Memang benar. Aku sering berkunjung ke sana untuk membaca buku-buku berbahasa asing yang unik. Mungkin, bocah ini melihat aku saat membawa banyak buku dari sana. Aku tidak takut sekalipun dengan orang asing atau berkenalan dengan orang baru. Kala itu tidak banyak warga Desa Juanxie yang berani mendekat karena masalah bahasa. Namun itu tidak menghambat rasa keingintahuanku.

Selama kesalahpahaman ini semua terjadi aku hanya bisa diam. Sebab itulah cara tercepat agar mereka mengabaikan keberadaanku. Mereka terlalu ribut. Saat sekitarku mulai hening karena sebentar lagi pelajaran berikutnya akan dimulai, di atas mejaku sudah terkumpul 24 yuan dengan mudahnya. Gaji pertamaku dari menipu saat usia delapan tahun.

Sejak saat itu aku meneruskan kesalahpahaman ini untuk menjadi kaya perlahan. Dua identitas yang berbeda. Ding Shu, si jenius pandai melukis yang sering memenangkan setiap perlombaan dengan ciri khas yang kuat. Serta, Samara Gwenn, komikus ahli yang berasal dari luar negeri yang memberikan banyak gambaran pada Shushu, sebelum dia kembali ke Jerman. Kisah ahli yang menjadi teman dekatku ini semakin panas. Tidak hanya teman sekelas. Bahkan kakak atau adik tingkat pun tertarik untuk memiliki gambaran itu.

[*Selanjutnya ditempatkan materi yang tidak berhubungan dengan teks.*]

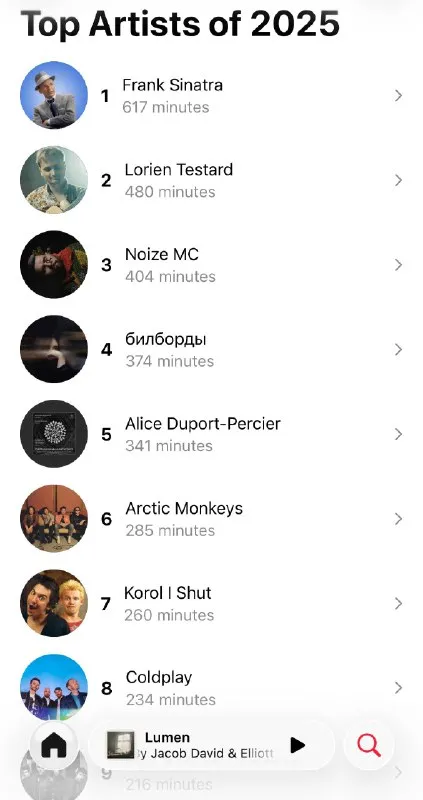 Top Artists of 2025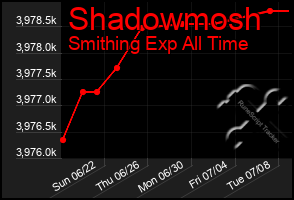 Total Graph of Shadowmosh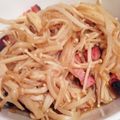 りりこたん's cooksnap of when they made 甘めの味付け豚肉、えのき、もやしの炒め物.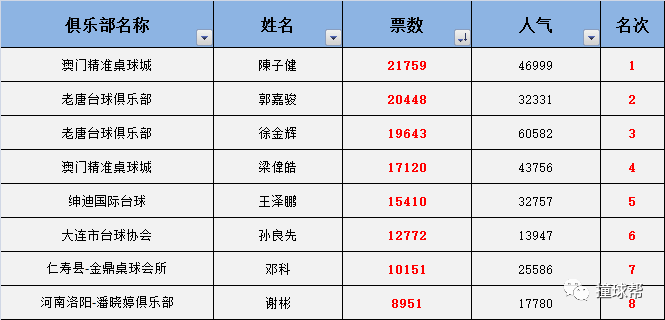 澳门三肖三码精准100,迅捷解答方案实施_精简版87.452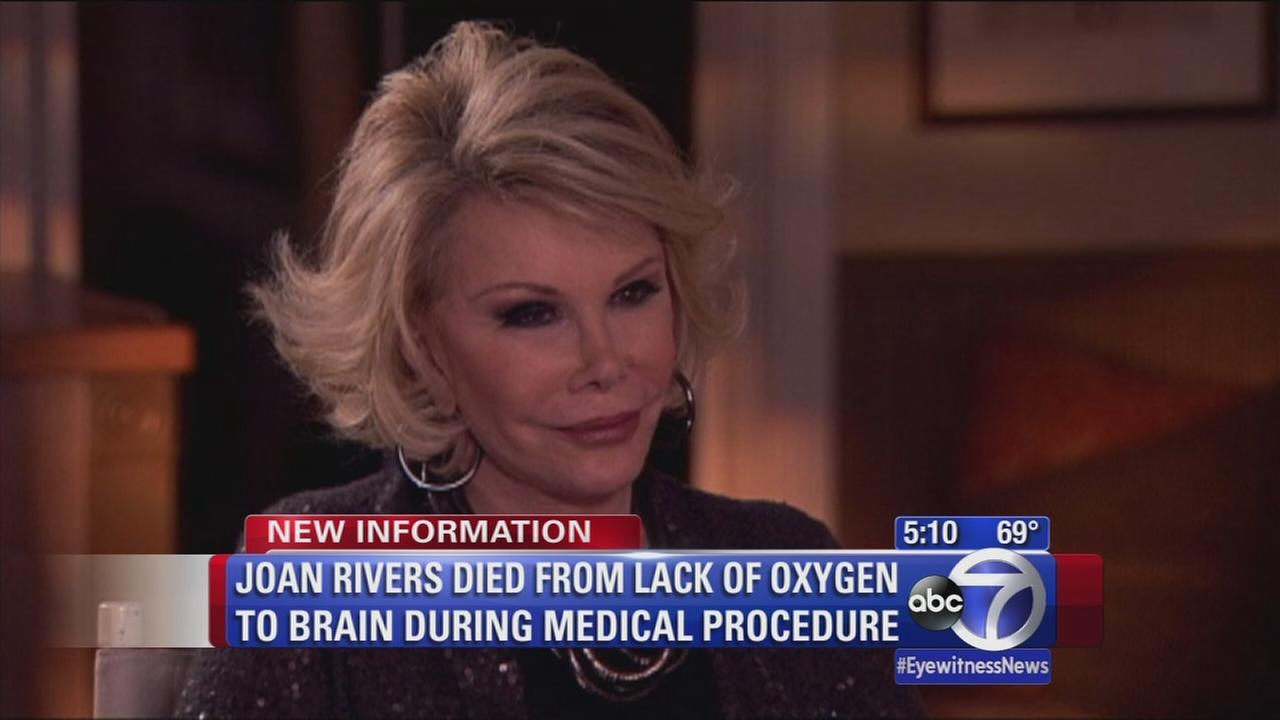 Report Staff at Upper East Side clinic 'failed to identify deteriorating vital signs' in Joan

Sekolah dasar itu terletak di Kota B, Provinsi A di China. Aku pindah ke tempat baru ini saat usiaku sekitar empat atau lima tahun. Tidak terlalu ingat. 

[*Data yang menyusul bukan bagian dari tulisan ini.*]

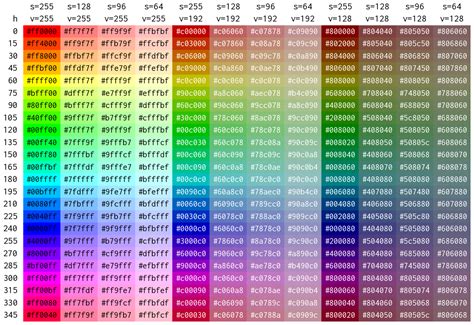 Hsv Color Chart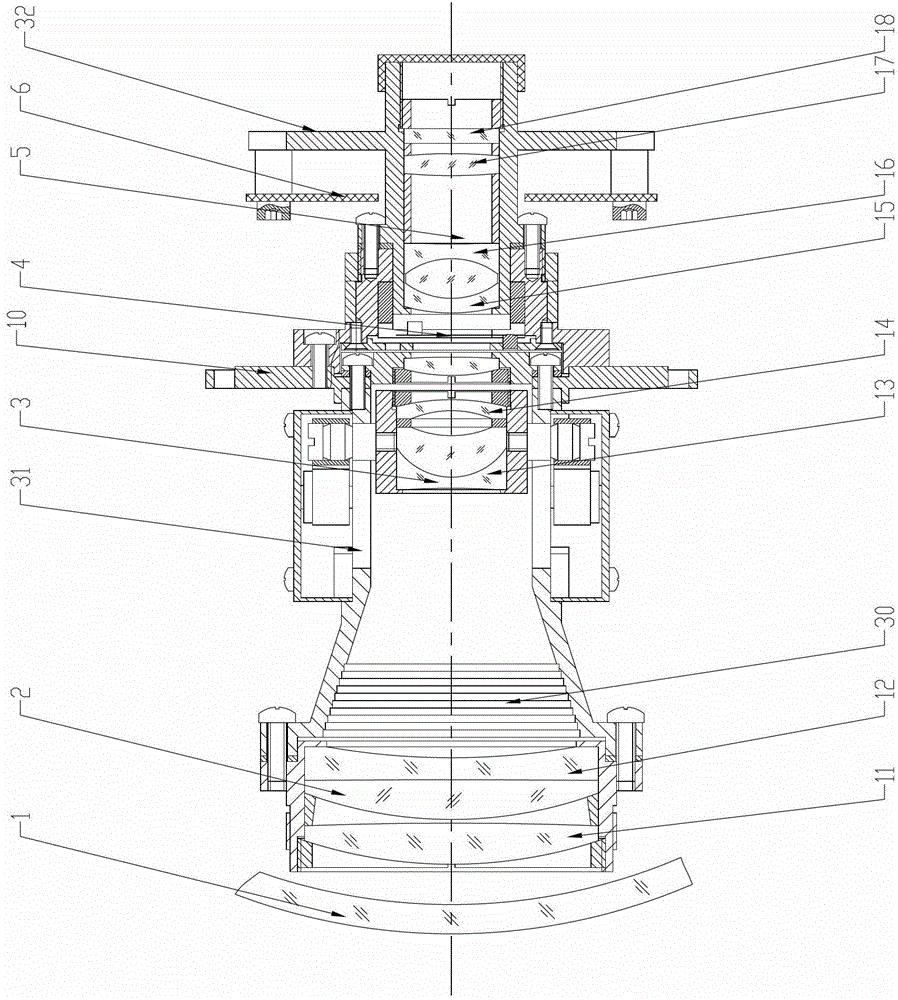 Visible light high resolution double-field of view charge-coupled device (CCD) lens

Pastinya, aku dan Ayah pindah kemari setelah Ayah memutuskan menjual lahan sawahnya dan rumahnya beberapa bulan setelah Ibu meninggal karena terjangkit wabah Pneumonia.

Sebelumnya aku tinggal di Desa Juanxie. Rata-rata  penduduknya bekerja sebagai petani padi, jagung, dan gandum. Begitupun dengan kedua orang tuaku yang bahkan memiliki lahan tanahnya sendiri.

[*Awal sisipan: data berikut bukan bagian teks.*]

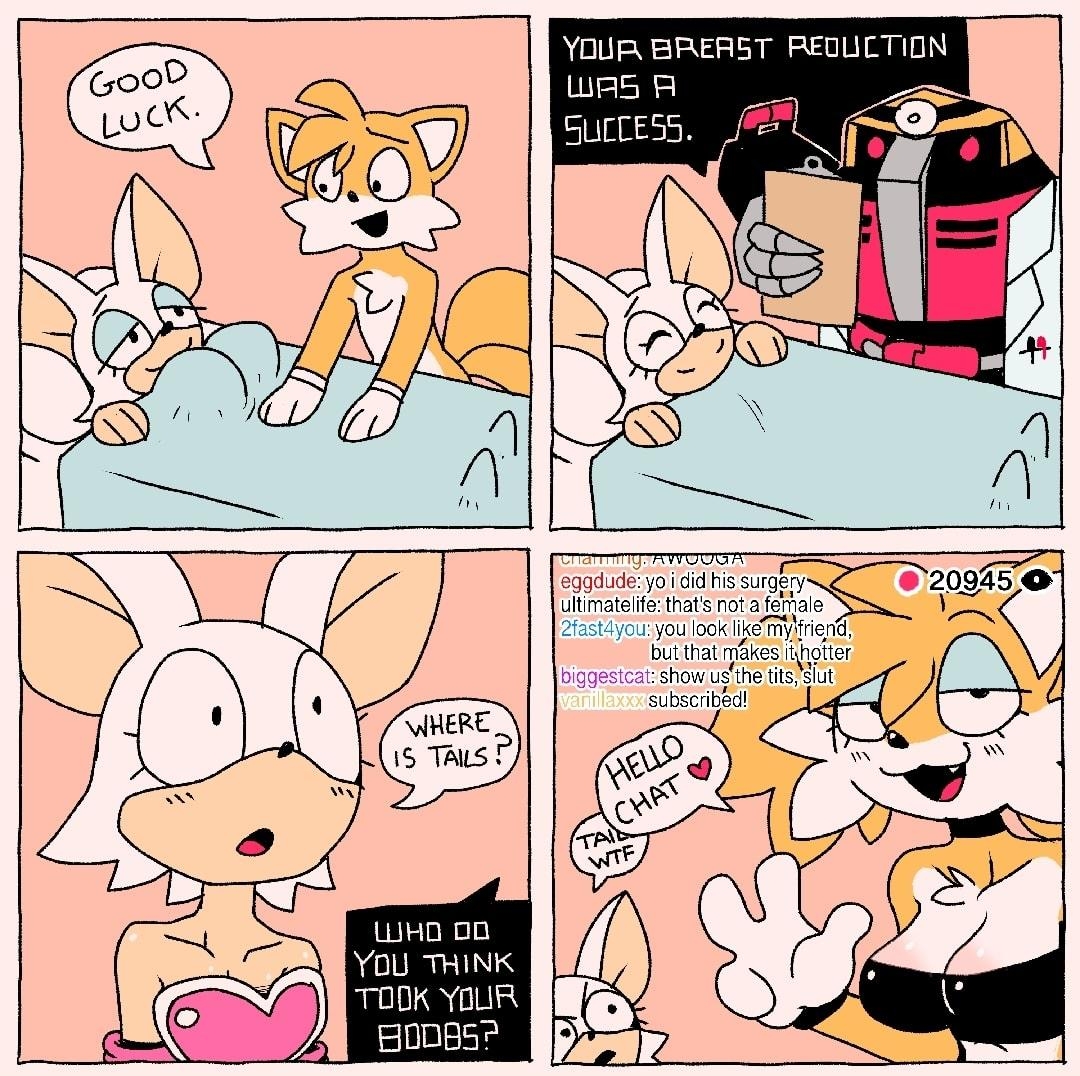 YOUR BRERST REGUCTION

Ayah dan mendiang Ibu juga memiliki ekonomi yang stabil dan dapat menyokong mainan baru untukku setiap bulan. Hanya saja semua kenangan manis itu terkenang samar. Hal yang kuingat hanyalah Ayah mulai bangkit dari berduka atas kematian Ibu setelah kami pindah ke Kota B. Siapa sangka di tempat ini, ada kenalan di desa sebelumnya.

Berkat bantuan bocah laki-laki ini. Samara Gwenn menjadi sosok yang nyata. Saat kelas satu SMA, Ayah membelikan ponsel pintar pertama untukku. Hal pertama yang aku lakukan ialah membuat akun untuk sosok ini.

Kehidupanku untuk menipu orang sekitar sangat membahagiakan kala itu. Selain aku menunjukan bakat di seni lukis, dan menghasilkan uang dengan cara menipu teman sekelasku. Uang yang terkumpul selama aku rajin menjual karya dari SD sampai SMA itu 17.800 yuan. 

Aku masih menggunakan kertas bergaris yang kulepas dari buku tulisku dan menggambarnya setiap malam. Terkadang aku juga sengaja menuangkan kopi ke atas kertasnya terlebih dahulu agar memunculkan nuansa kertas lama. Sehingga ada nilai historis kapan Samara Gwenn itu menggambarnya dan kenapa memberikannya padaku. Tentu saja, cerita-cerita itu palsu. Aku hanya memperdulikan kekayaan yang semakin bertambah perlahan.

Harga untuk satu karya itu masih 2 yuan. Selama aku menjalankan bisnis dengan banyak cerita tipuan di dalamnya, aku berhasil menjadi lebih kaya sedikit dibandingkan anak kuliahan semester akhir. Mana ada anak belasan tahun bisa menghasilkan 17.800 yuan dari kerja kerasnya sendiri waktu itu.